The story of Shakespeare’s Ophelia is one that most of us will know, even if it’s only in passing. In the play, Ophelia is a young noblewoman who’s romantically involved with Hamlet but whose life (and death) is ultimately decided upon by all the men in her life, and she ultimately spirals into madness and her story ends in tragedy. Joanna Courtney’s Fire Queen, the second book in Courtney’s Shakespeare’s Queens trilogy, sets out to turn that story on its head, presenting Ofelia as a skilled warrior, a confident leader and a fiercely independent young woman who remains unflinchingly loyal to her friend and Prince – and, in doing so, Courtney has given one of Shakespeare’s most tragic characters new depths, new understanding and new life beyond the Bard’s pages.
In Fire Queen, Ofelia’s story begins with the character as a young girl, watching as her mother threw herself onto her father’s funeral pyre, something that was praised as the “ultimate sacrifice”. For Ofelia, however, it was the fate that awaited a devoted wife, and it’s the moment that she swore that she would never belong to any man and become second best. Years later, Ofelia is a force to be reckoned with, becoming Hamlet’s, the newly-crowned Prince of Denmark, right-hand woman and constable, and swearing her loyalty and her sword to only him. The one thing that she doesn’t offer Hamlet, however, is her hand in marriage, no matter how much he asks for it.
When Hamlet’s jealous uncle begins plotting against him, Ofelia is determined to protect him through any means necessary, setting up a journey that sees Hamlet and Ofelia driven out of Denmark and towards the Angles and the court of King Aethelfrith of Bernicia. Ofelia is by Hamlet’s side through everything – including battles and political allegiances – and uses every skill and wile at her disposal to ensure that Hamlet remains safe and can return to Denmark to claim his rightful place on the throne. But in the end, it could be Ofelia’s heart that proves the greatest betrayer of all.
“Ofelia was made of steel, tempered and hardened in her parents’ funeral pyre, and no one, not even Hamlet, would grind or bend or shape her to their own ends.”
This is the story of Hamlet and Ophelia re-told, yes, but it also goes far beyond the two people at its heart, digging deep into history, politics and warring kings and their courts to craft a rich and vivid context in which the story can unfold in all of its deeply intricate and realistic detail. And what truly incredible detail it is too. It’s clear from the very first page that Courtney has put a lot of careful research and all of her due attention into Fire Queen, and in doing so she brings the 7th Century world of her story to life effortlessly, drawing from the Scandinavian legend of Amleth and rooting her story in her characters’ Norse religion, festivals and traditions.
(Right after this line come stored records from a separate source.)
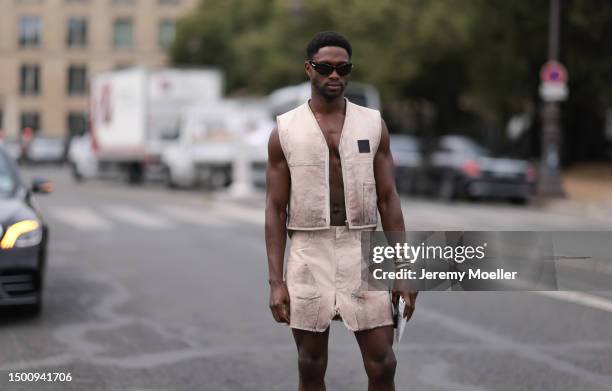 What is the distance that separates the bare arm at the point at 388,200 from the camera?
4184mm

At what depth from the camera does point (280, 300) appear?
4211 mm

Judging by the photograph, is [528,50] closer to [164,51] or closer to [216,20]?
[216,20]

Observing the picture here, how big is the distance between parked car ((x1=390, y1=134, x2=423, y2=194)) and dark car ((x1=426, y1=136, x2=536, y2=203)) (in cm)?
154

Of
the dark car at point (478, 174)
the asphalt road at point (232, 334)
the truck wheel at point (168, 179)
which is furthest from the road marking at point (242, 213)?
the truck wheel at point (168, 179)

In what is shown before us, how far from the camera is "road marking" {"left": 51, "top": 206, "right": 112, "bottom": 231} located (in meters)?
17.5

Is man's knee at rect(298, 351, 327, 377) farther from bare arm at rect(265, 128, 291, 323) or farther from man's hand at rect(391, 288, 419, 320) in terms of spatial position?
man's hand at rect(391, 288, 419, 320)

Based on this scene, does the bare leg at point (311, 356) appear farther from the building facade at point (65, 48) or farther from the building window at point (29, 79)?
the building window at point (29, 79)

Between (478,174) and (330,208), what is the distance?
21003 millimetres

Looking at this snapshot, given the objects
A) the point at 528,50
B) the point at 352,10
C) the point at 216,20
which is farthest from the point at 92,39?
the point at 528,50

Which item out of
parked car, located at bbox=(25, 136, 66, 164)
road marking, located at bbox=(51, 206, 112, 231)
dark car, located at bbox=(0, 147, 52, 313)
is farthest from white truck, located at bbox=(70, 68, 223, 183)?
dark car, located at bbox=(0, 147, 52, 313)

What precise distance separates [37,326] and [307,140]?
4608 millimetres

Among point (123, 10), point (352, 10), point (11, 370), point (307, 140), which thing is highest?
point (123, 10)

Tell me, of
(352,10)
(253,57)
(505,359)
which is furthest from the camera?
(253,57)

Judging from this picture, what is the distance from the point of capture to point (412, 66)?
41438mm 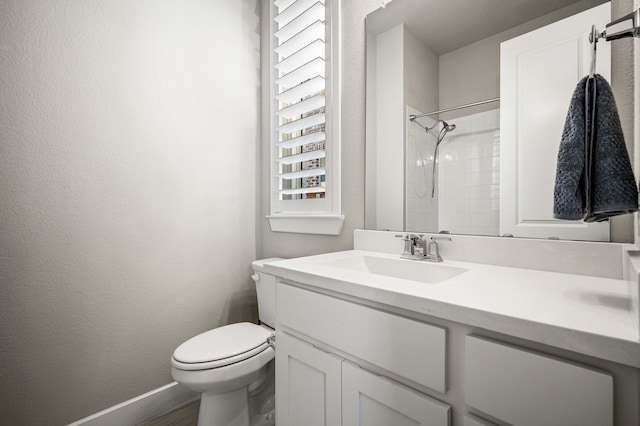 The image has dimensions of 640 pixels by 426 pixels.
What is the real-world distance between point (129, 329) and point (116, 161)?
79cm

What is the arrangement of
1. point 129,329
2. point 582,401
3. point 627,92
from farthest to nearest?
point 129,329 < point 627,92 < point 582,401

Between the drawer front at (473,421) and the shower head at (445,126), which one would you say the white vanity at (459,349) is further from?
the shower head at (445,126)

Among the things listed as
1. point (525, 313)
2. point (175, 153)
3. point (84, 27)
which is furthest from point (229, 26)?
point (525, 313)

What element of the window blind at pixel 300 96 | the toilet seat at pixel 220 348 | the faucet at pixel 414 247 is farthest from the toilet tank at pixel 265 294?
the faucet at pixel 414 247

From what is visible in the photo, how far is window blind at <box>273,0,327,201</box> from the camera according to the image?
147cm

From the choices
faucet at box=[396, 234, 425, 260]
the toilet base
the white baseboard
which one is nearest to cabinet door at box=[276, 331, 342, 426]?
the toilet base

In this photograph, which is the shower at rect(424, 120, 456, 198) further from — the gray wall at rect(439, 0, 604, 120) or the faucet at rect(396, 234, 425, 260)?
the faucet at rect(396, 234, 425, 260)

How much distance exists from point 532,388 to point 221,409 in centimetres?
116

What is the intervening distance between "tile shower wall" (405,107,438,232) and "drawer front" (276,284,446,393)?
582 millimetres

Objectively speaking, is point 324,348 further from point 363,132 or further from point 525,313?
point 363,132

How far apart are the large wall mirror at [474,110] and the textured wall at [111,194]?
917 millimetres

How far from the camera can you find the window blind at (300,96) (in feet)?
4.82

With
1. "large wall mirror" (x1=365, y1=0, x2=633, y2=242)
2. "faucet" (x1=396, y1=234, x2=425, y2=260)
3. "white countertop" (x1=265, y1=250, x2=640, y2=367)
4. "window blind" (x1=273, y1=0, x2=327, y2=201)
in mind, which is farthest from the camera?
"window blind" (x1=273, y1=0, x2=327, y2=201)

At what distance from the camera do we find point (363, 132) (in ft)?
4.45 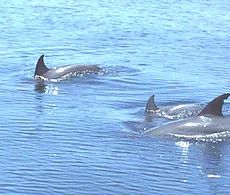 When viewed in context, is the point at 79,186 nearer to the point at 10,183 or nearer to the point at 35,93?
the point at 10,183

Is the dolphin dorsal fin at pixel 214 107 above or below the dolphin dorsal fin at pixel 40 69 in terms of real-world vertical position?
above

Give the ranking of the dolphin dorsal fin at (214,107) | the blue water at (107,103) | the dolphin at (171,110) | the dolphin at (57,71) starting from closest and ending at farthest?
the blue water at (107,103), the dolphin dorsal fin at (214,107), the dolphin at (171,110), the dolphin at (57,71)

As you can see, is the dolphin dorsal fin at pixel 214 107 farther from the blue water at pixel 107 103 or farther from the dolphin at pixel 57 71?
the dolphin at pixel 57 71

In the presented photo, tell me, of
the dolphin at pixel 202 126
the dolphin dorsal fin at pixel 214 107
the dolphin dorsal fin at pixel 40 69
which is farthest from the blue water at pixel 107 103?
the dolphin dorsal fin at pixel 214 107

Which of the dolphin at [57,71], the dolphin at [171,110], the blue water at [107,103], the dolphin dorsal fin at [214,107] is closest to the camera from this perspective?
the blue water at [107,103]

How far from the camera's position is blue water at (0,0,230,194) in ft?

While the world-building of this novel is truly impressive and immersive, Fire Queen is, ultimately, driven by its characters, all of whom are complex, flawed and authentic figures. Ofelia, unsurprisingly, is the standout, drawn as a sincere, strong-willed and passionate character who values loyalty and duty and stands by her choices, her men and her friends through everything. Her arc is a refreshing and historically sound one, giving readers a female character with agency and a society that doesn’t condemn her for not choosing the typically female role. Hamlet, too, is a brilliant character and also the one who perhaps shows the most development, growing from a young, relatively carefree and hopeful young man into a determined, driven and impressive ruler.
But this is also a historical epic in every sense of the word, and the action ripples out even further than the story at its core – that of Ofelia, Hamlet and the battle for Denmark’s crown – to varying degrees of success. From the second part of this novel onwards, Denmark is a constant presence, but not the immediate concern. Instead, Fire Queen takes readers across to Bernicia, delving into the royal court of King Aethelfrith and his daughter Flora and his own battles for land against Dal Riata and its King Aedan, wars that Hamlet and Ofelia are drawn into as they’re left waiting and building up their own army to attack Hamlet’s uncle Feng in Denmark. There are strong elements in these parts of the novel – the battles are re-told in incredibly evocative detail and Flora is a wonderful character in her own right, while her relationship with Ofelia is a fascinating one to see unfold – but it also ended up veering a little too far away from the central aspects of the story for me, becoming more of a novel about warring clans and clashing religions for longer than I was anticipating.
Joanna Courtney’s Fire Queen is less Hamlet re-told and more Hamlet as it really happened, so anyone expecting an alternative slant on the Shakespeare play is going to be left disappointed. Instead, Fire Queen offers up a historical fiction novel at its finest, with strong, bold characters and a rich setting that’s brought painstakingly to life in sharp and accurate detail. It’s also a true epic, spanning heroic quests, royal courts, love, war, marriage, politics, murder and more. While Fire Queen is therefore perhaps just a little too long and a little too broad in scope for some readers, there’s no denying that it has been wonderfully written and maintains a quick, exciting pace throughout, making this a completely absorbing, wholly entertaining and riveting read.